In 2023, National Blood Donation Week is September 1–7, with National Blood Donation Day on September 4. Governors in the following states are proclaiming September 4 to be their state Blood Donation Day:
Alabama, Arkansas, Colorado, Connecticut, Delaware, Florida, Georgia, Hawaii, Idaho, Illinois, Indiana, Kentucky, Louisiana, Maine, Massachusetts, Michigan, Minnesota, Mississippi, Missouri, Nebraska, Nevada, New Hampshire, New Jersey, North Dakota, Ohio, Oklahoma, South Carolina, South Dakota, Utah, Vermont, Virginia, Washington, West Virginia, Wisconsin, Wyoming

Arizona has proclaimed Arizona Blood Donation Week during 9/1-9/7.

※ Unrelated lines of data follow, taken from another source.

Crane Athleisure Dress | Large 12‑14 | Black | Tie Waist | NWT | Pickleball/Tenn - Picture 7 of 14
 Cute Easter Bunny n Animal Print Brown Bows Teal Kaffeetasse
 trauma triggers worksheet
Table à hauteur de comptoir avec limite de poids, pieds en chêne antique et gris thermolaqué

Alaska declared September 4-10th Alaska Blood Donation Week.

In 2024, Governors in the following states are proclaiming September 4 to be their state Blood Donation Day: Alabama, Arkansas, Connecticut, Delaware, Georgia, Hawaii, Idaho, Illinois, Indiana, Iowa, Kentucky, Louisiana, Maine, Maryland, Minnesota, Mississippi, Massachusetts, Michigan, Montana, Nebraska, Nevada, New Hampshire, New Jersey, New Mexico, North Carolina, North Dakota, Ohio, Oregon, Pennsylvania, South Carolina, South Dakota, Utah, Virginia, West Virginia, Wisconsin and Wyoming.

Alaska has declared September 1-7 Alaska Blood Donation Week.
Arizona has declared September 1–7 Arizona Blood Donation Week.
Colorado has declared September 1-7 Colorado Blood Donation Week.

In 2025, Governors in the following states are proclaiming September 4 to be their state Blood Donation Day: Alabama, Arkansas, Colorado, Connecticut, Delaware, Florida, Georgia, Hawai'i, Idaho, Illinois, Indiana, Kansas, Kentucky, Louisiana, Maine, Maryland, Massachusetts, Michigan, Minnesota, Mississippi, Missouri, Montana, Nebraska, Nevada, New Hampshire, New Jersey, New Mexico, New York, North Carolina, North Dakota, Ohio, Oklahoma, Oregon, Pennsylvania, South Carolina, South Dakota, Tennessee, Utah, Vermont, Virginia, Washington, West Virginia, Wisconsin and Wyoming.

Alaska has declared September 1-6 Alaska Blood Donation Week.
Arizona has declared September 1–7 Arizona Blood Donation Week.

In 2026, Governors in the following states are proclaiming September 4 to be their state Blood Donation Day: Arkansas, Connecticut, Delaware, Florida, Georgia, Idaho, Illinois, Indiana, Kentucky, Louisiana, Maine, Maryland, Michigan, Minnesota, Mississippi, Missouri, Montana, Nevada, New Hampshire, New Jersey, New Mexico, New York, North Dakota, Ohio, Oklahoma, Oregon, Pennsylvania, South Carolina, South Dakota, Utah, Vermont, Washington, West Virginia, Wisconsin, Wyoming, with more to come.

Arizona has proclaimed Arizona Blood Donation Week during 9/1-9/7.
Alaska has declared September 1-7 Alaska Blood Donation Week.